Un percorso che celebra l'identità del popolo calabrese andando alla riscoperta delle proprie radici, dei suoi "dialetti"; un patrimonio linguistico "frammentato", espressione soprattutto della civiltà contadina e di saggezza popolare.

Proverbi, canti popolari, nenie, poesie, modi di dire declinati nelle espressioni dialettali che esprimono l'essenza di valori e a volte diventano anche un modo per "pontificare", "sentenziare", con pungente ironia, riguardo a episodi, stati, fatti, condizioni della vita quotidiana.

Suggestiva l'apertura, con un "canto di sdegno" eseguito da Andrea Bressi, cantastorie e ricercatore catanzarese, cui sono seguiti i saluti del sindaco Luigi Ruggiero, che si è anche soffermato sull'importanza dell'iniziativa culturale.

Subito dopo la parola al vice sindaco, Teresa Lagrotteria, che con l'incipit "u calabrisa vo parratu" ha accompagnato i numerosi partecipanti in questo viaggio di andata e ritorno tra le nostre radici, la nostra "unicità", soffermandosi su  un patrimonio linguistico espressione spesso dei valori della giustizia e dell'uguaglianza sociale.

 

 Spiega, leggendo e interpretando alcuni versi, la struttura della raccolta: dagli scioglilingua, agli indovinelli, alle credenze popolari, ai nomignoli, ai canti.

Ad approfondire i contenuti il catanzarese Silvestro Bressi, studioso, esperto di credenze e tradizioni popolari, dal cui lavoro di anni di ricerca sull'intero territorio regionale promana buona parte della raccolta; declina versi, espressioni di saggezza popolare; spiega i nomignoli, tradizioni quali  la "corajisima", "il comparatico del San Giovanni", l'arte dei fischietti, figure e voci che caratterizzavano le strade e le piazze dei paesi, come il "sampaularo", il banditore, e poi ancora  balli e credenze: la tarantella e i tarantolati, l'interpretazione dei sogni, "magare e magarie", il malocchio.

Spazio anche ai giochi di una volta, ad alcune poesie in vernacolo, ai canti popolari.

"A parole nostre - dal vernacolo", ovvero dalle origini della nostra appartenenza alla cultura calabrese, "all'italiano", a esprimere l'importanza di diffondere la conoscenza e il sapere attraverso un linguaggio unitario nazionale, "e ritorno" preservando e alimentando la nostra identità di popolo regionale.

 

Un percorso nel quale ci hanno accompagnato con i loro versi anche due scrittori e poeti amaronesi, purtroppo scomparsi, che rappresentano un pezzo di storia della comunità: Salvatore Cancelliere e Francesco Salvatore Olivadoti. Importante il contributo offerto anche dalla popolazione anziana e da quanti, a vario titolo, hanno concorso alla realizzazione della raccolta.

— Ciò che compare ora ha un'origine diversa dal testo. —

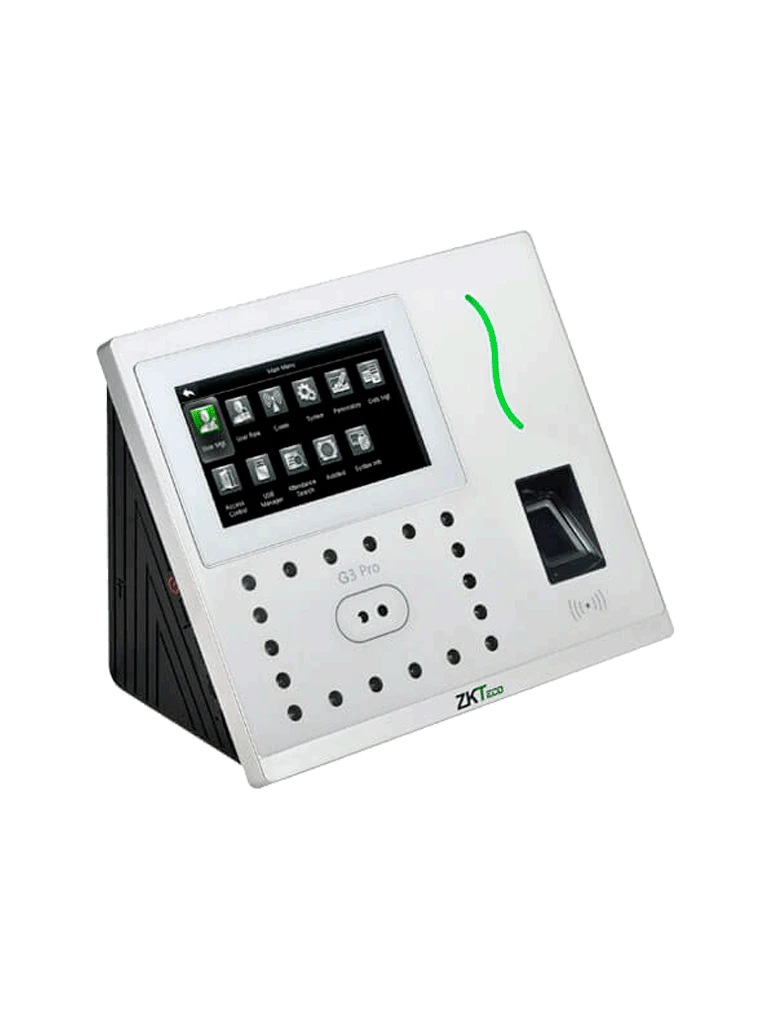 ZKTECO G3PRO - CONTROL DE ACCESO Y ASISTENCIA FACIAL Y PALMA / 12000 ROSTROS / 20000 HUELLAS SILK ID / 20000 TARJETAS ID / 6000 PALMAS / GREEN LABEL / #NUEVOZK-Facial-ZKTECO-Bsai Seguridad & Controles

La manifestazione culturale si è arricchita dell'arte del maestro Salvatore Miglietta, calabrese di adozione, carica del suo innato "meridionalismo", della sua naturale rappresentazione del "vero autentico", dell'irruenza dei cromatismi, delle donne migliettiane, sempre impegnate nel lavoro, spesso ritratte nell'atto della raccolta delle olive, concentrate, piegate ma non spezzate dalla fatica, umili ma forti, "dai visi terrosi che, in una esplosione improvvisa, sono illuminati dalla luce del sole.

Il progetto espositivo è incentrato su venti opere, una vera e propria antologica: dalla sua "Voglia di vivere" datata 1959, realizzata durante il primo incontro con Giorgio Morandi, protagonista della pittura italiana del Novecento, considerato tra i maggiori incisori mondiali del secolo, che sarebbe diventato il suo maestro, passando attraverso il periodo della pittura sociale, con i temi della vita nei campi.

I decenni di attività artistica si susseguono nella mostra evidenziando la sua personale narrazione umanistica per arrivare alla più recente fase "agravitazionale", una specifica tecnica sperimentale adottata dall'artista, mediante la quale l'opera "s'illumina di luce propria", rappresentando la "metamorfosi di un'idea": tutto ciò che la luce maschera, il buio disvela.

La mostra, presentata da Wanda Chiodo, consulente di comunicazione e marketing in affiancamento all'Amministrazione Comunale di Amaroni, sarà aperta al pubblico sino al 3 maggio, continuando a regalare emozioni e suggestioni, spunti di riflessione e stupore.